**Raw data**
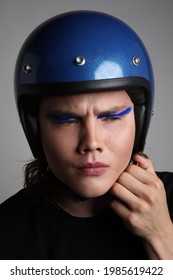 Attractive Motor Biker In Blue Helmet Mockup Set. Vertical Headshot.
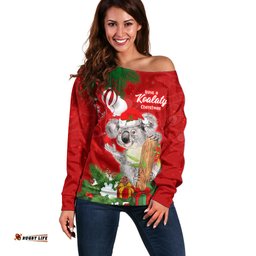 Koala Lover Off Shoulder Sweater Australia Merry Christmas Aboriginal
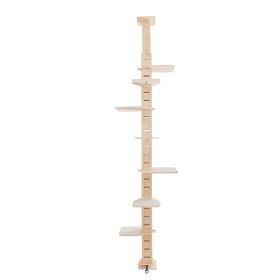 9' Adjustable Height Floor-to-Ceiling Cat Tree, Multi-Level Cat Vertical Cat Condo, Cat Climbing Frame Activity Center with Perching Shelves for Indoo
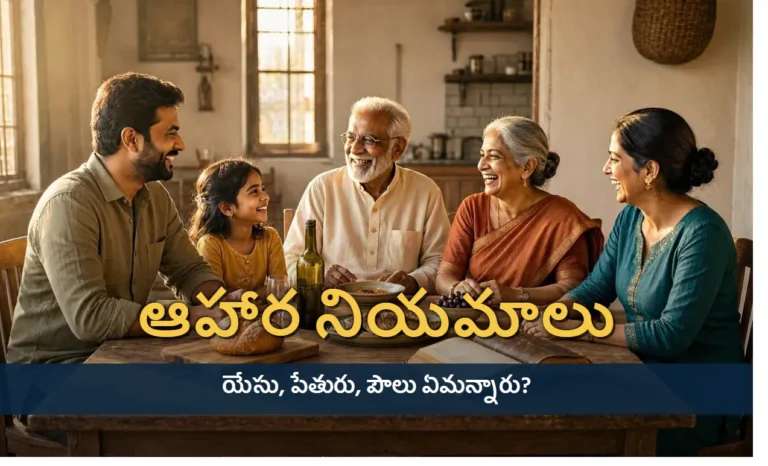 తెరిచిన కొత్త నిబంధన బైబిల్, పక్కన రొట్టె, చేపలు, ద్రాక్షారసం ఉన్న భోజనం బల్ల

**What you will do**
How would the lines above read from the one with "Koala Lover Off" to the one with "9' Adjustable Height", inclusive, with no pictures? Write them out exactly.

**Result of this exercise**
 Koala Lover Off Shoulder Sweater Australia Merry Christmas Aboriginal
 9' Adjustable Height Floor-to-Ceiling Cat Tree, Multi-Level Cat Vertical Cat Condo, Cat Climbing Frame Activity Center with Perching Shelves for Indoo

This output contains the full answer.